Hourly sensor readings
Average daily sensor readings
Geographical distribution of chemical levels
Day-to-day levels of different chemicals
Hour-to-hour levels of different chemicals
Hourly sensor readings (more filters)
Wind Direction

Overview

Mistford is a mid-size city is located to the southwest of a large nature preserve. The city has a small industrial area with four light-manufacturing endeavors. Mitch Vogel is a post-doc student studying ornithology at Mistford College and has been discovering signs that the number of nesting pairs of the Rose-Crested Blue Pipit, a popular local bird due to its attractive plumage and pleasant songs, is decreasing! The decrease is sufficiently significant that the Pangera Ornithology Conservation Society is sponsoring Mitch to undertake additional studies to identify the possible reasons. Mitch is gaining access to several datasets that may help him in his work, and he has asked you (and your colleagues) as experts in visual analytics to help him analyze these datasets.

Mitch Vogel was immediately suspicious of the noxious gases just pouring out of the smokestacks from the four manufacturing factories south of the nature preserve. He was almost certain that all of these companies are contributing to the downfall of the poor Rose-crested Blue Pipit bird.
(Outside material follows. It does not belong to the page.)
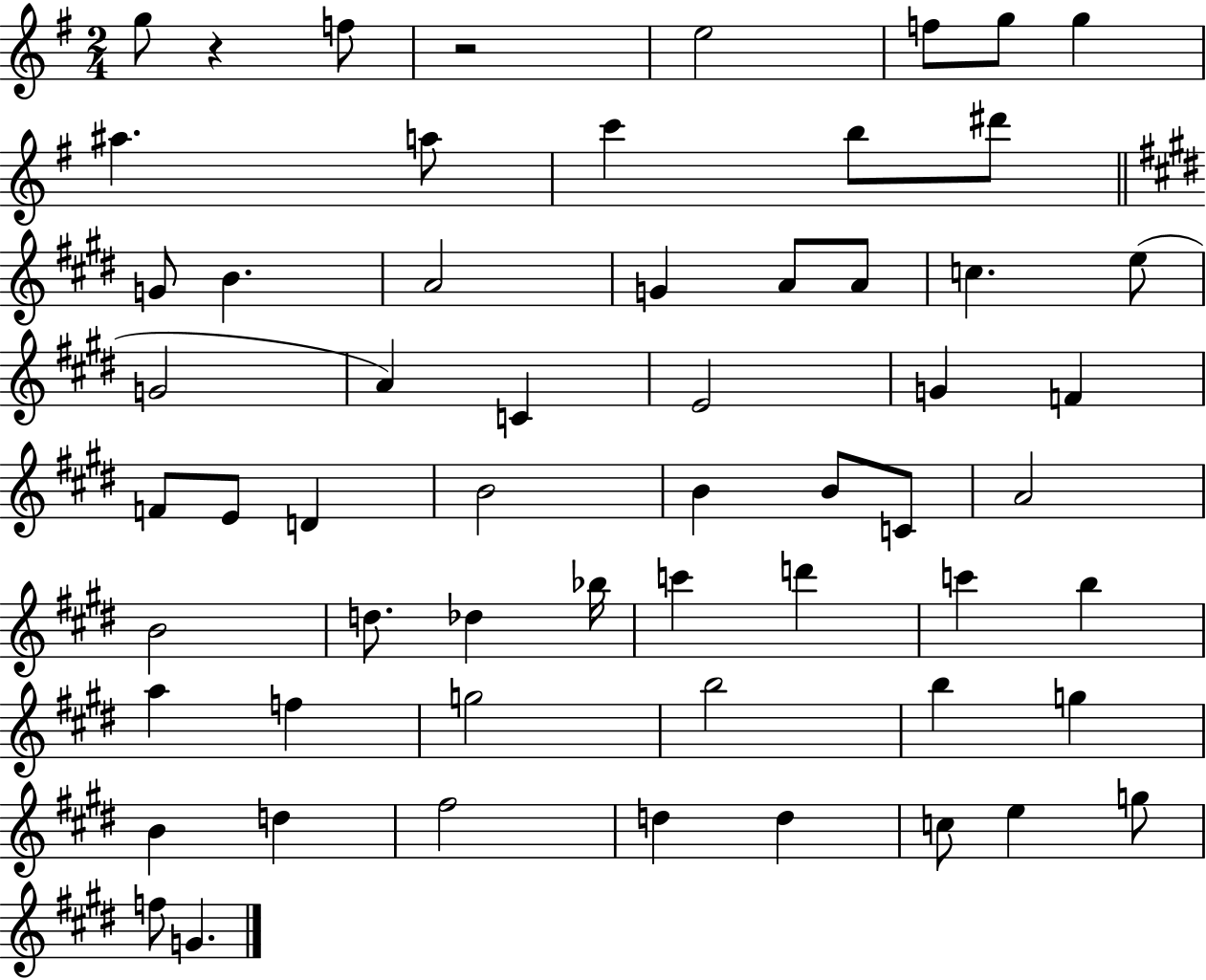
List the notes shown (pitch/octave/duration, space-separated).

G5/e R/q F5/e R/h E5/h F5/e G5/e G5/q A#5/q. A5/e C6/q B5/e D#6/e G4/e B4/q. A4/h G4/q A4/e A4/e C5/q. E5/e G4/h A4/q C4/q E4/h G4/q F4/q F4/e E4/e D4/q B4/h B4/q B4/e C4/e A4/h B4/h D5/e. Db5/q Bb5/s C6/q D6/q C6/q B5/q A5/q F5/q G5/h B5/h B5/q G5/q B4/q D5/q F#5/h D5/q D5/q C5/e E5/q G5/e F5/e G4/q.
But when he talked to company representatives and workers, they all seem to be nice people and actually pretty respectful of the environment.
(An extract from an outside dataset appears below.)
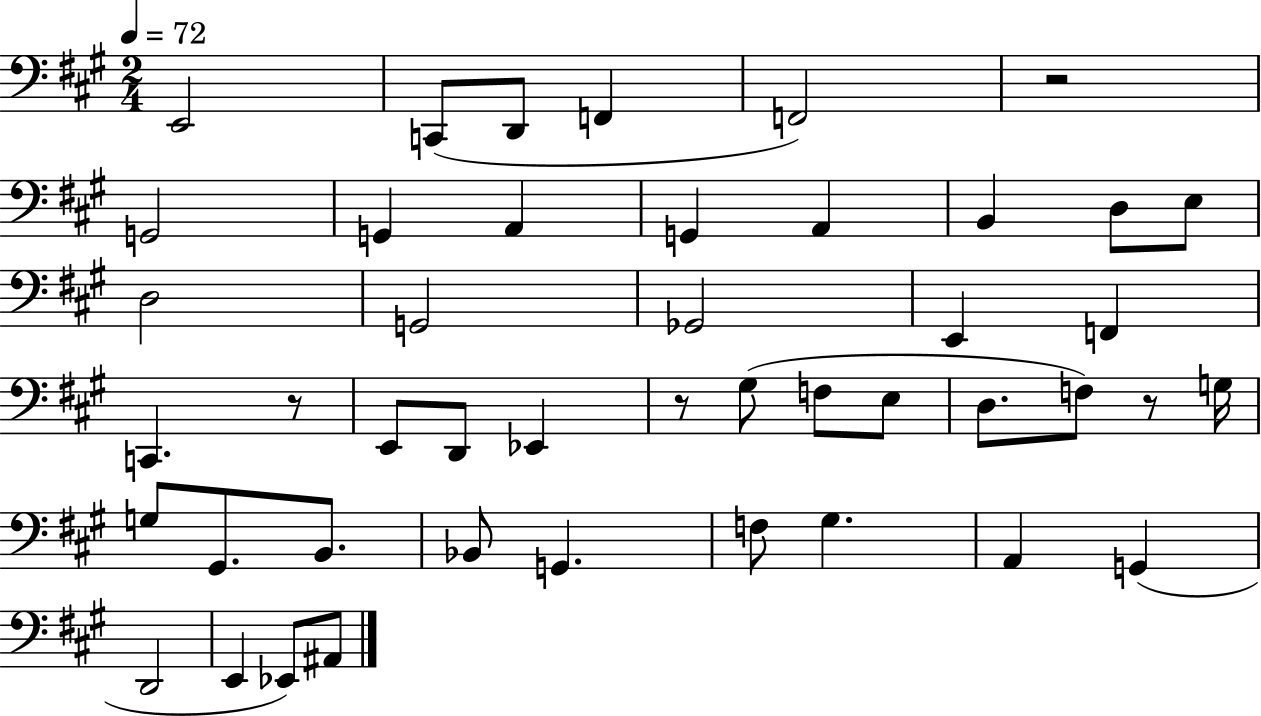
E2/h C2/e D2/e F2/q F2/h R/h G2/h G2/q A2/q G2/q A2/q B2/q D3/e E3/e D3/h G2/h Gb2/h E2/q F2/q C2/q. R/e E2/e D2/e Eb2/q R/e G#3/e F3/e E3/e D3/e. F3/e R/e G3/s G3/e G#2/e. B2/e. Bb2/e G2/q. F3/e G#3/q. A2/q G2/q D2/h E2/q Eb2/e A#2/e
In fact, Mitch was surprised to learn that the factories had recently taken steps to make their processes more environmentally friendly, even though it raised their cost of production. Mitch discovered that the state government has been monitoring the gaseous effluents from the factories through a set of sensors, distributed around the factories, and set between the smokestacks, the city of Mistford and the nature preserve. The state has given Mitch access to their air sampler data, meteorological data, and locations map. Mitch is very good in Excel, but he knows that there are better tools for data discovery, and he knows that you are very clever at visual analytics and would be able to help perform an analysis.

Companies

Roadrunner Fitness Electronics: produces personal fitness trackers, heart rate monitors, headlamps, GPS watches, and other sport-related consumer electronics.
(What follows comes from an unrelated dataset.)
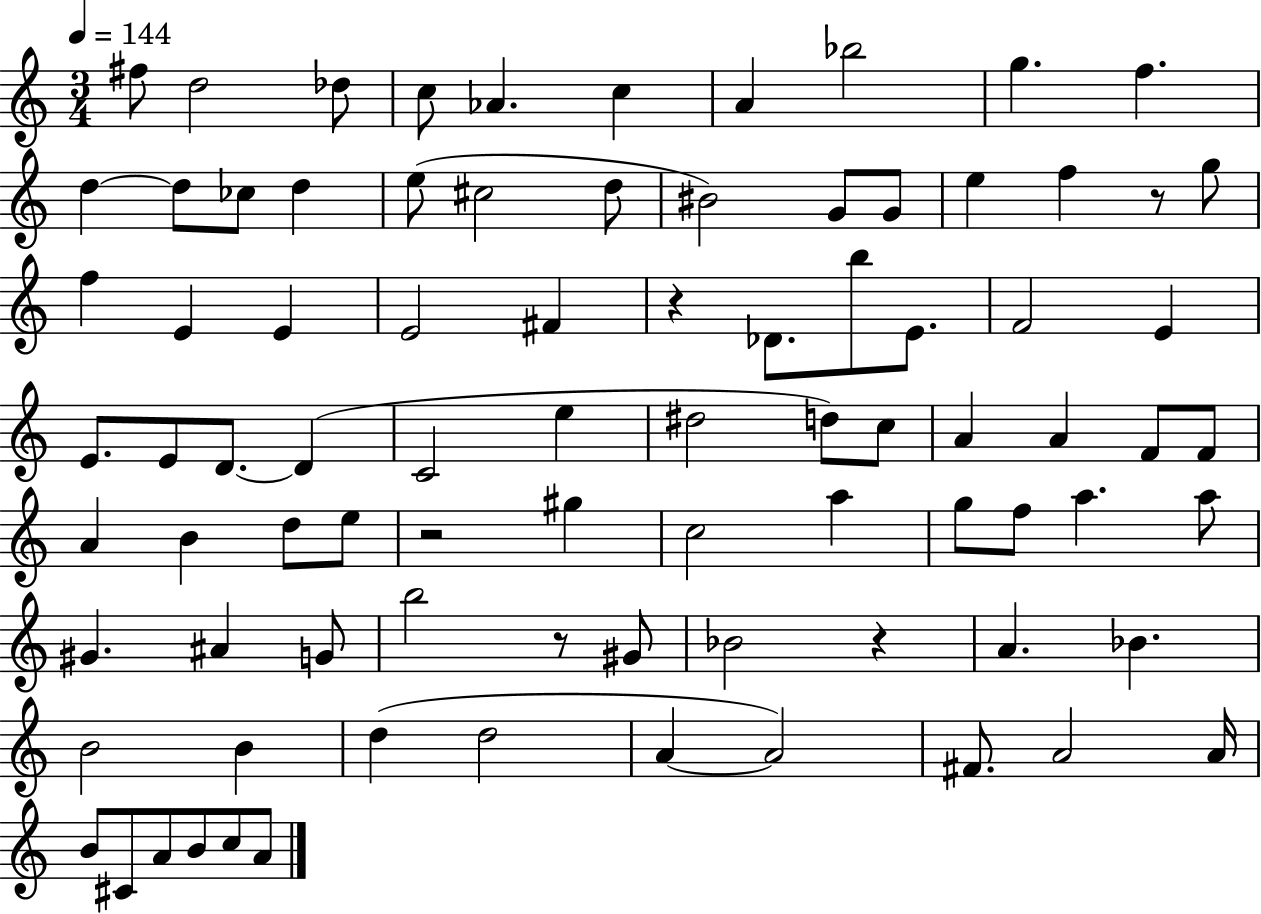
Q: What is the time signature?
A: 3/4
Kasios Office Furniture :manufactures metal and composite-wood office furniture including desks, tables, and chairs.

Radiance ColourTek: produces solvent based optically variable metallic flake paints.

Indigo Sol Boards: produces skateboards and snowboards.

Chemicals

Appluimonia: An airborne odor is caused by a substance in the air that you can smell.
Chlorodinine : Corrosives are materials that can attack and chemically destroy exposed body tissues.
Methylosmolene : This is a trade name for a family of volatile organic solvents.
AGOC-3A: New environmental regulations, and consumer demand, have led to the development of low-VOC and zero-VOC solvents.

Data

Map of Lekagul Wildlife Preserve Area

The factories and sensors locations are provided in terms of x,y coordinates on a 200x200 grid, representing a 12x12miles area, with (0,0) at the lower left hand corner (southwest). The sensors map shows the locations of the sensors and factories by number for the sensors and by name for the factories.

Factory Locations

The following are the factory locations:
Roadrunner Fitness Electronics: 89,27
Kasios Office Furniture: 90,21
Radiance ColourTek: 109,26
Indigo Sol Boards: 120,22

Sensor Locations

Sensor locations are provided in an excel workbook with these information:
Sensor 1: 62,21
Sensor 2: 66,35
Sensor 3: 76,41
Sensor 4: 88,45
Sensor 5: 103,43
Sensor 6: 102,22
Sensor 7: 89,3
Sensor 8: 74,7
Sensor 9: 119,42

Problem 1

Characterize the sensors’ performance and operation. Are they all working properly at all times? Can you detect any unexpected behaviors of the sensors through analyzing the readings they capture?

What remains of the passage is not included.